I get a little (?) overwhelmed now and then, and my handy-dandy Bullet Journal is THE best way I have to help with that feeling.

There may be 50 ways to leave your lover, but there are at least a hundred ways to get the chaos out of your head and onto the page. Recently, I used the messiest mind map:

Photo of a hand drawn mind map: tiny stick figure drawn in red ink, surrounded by randomly sized/distributed "balloons", each with a small note in it (like "B bday" and "TX").
It probably says something psychological about how the “me” stick figure in the middle is TINYYYYY.

How do you make a mind map?

It’s pretty easy.
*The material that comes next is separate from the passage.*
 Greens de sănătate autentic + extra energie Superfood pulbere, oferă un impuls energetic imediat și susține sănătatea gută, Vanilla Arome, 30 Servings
Something goes in the middle, and other things float around it in boxes or circles.

Okay, that’s not a great definition. Wikipedia put it better: “A mind map is a diagram used to visually organize information.

  • A mind map is hierarchical and shows relationships among pieces of the whole. 
  • “It is often created around a single concept, drawn as an image in the center of a blank page, to which associated representations of ideas such as images, words and parts of words are added.
  • Major ideas are connected directly to the central concept, and other ideas branch out from those major ideas.”
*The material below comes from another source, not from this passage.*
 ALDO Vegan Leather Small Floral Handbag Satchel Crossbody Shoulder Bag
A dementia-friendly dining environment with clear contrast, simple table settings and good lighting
(I added the bullet points. Because, bullet points!)

So you can see that I have the basic idea, but I don’t bother much with hierarchy or images. And the central concept here is, simply, me.

Simplicity itself

I did a web search for “mind map”. Just like my Bullet Journal, my map looks nothing at all like the images of maps I found online. And as always, that’s fine. My map is simply meant to record the chaos that’s swirling around me…I don’t need it to be presentable in any way.

I’m sticking with that philosophy, even though I’m actually presenting my mind map to you. Nope! Still refuse to make it pretty. My mind, however, is somewhat calmer, so objective achieved!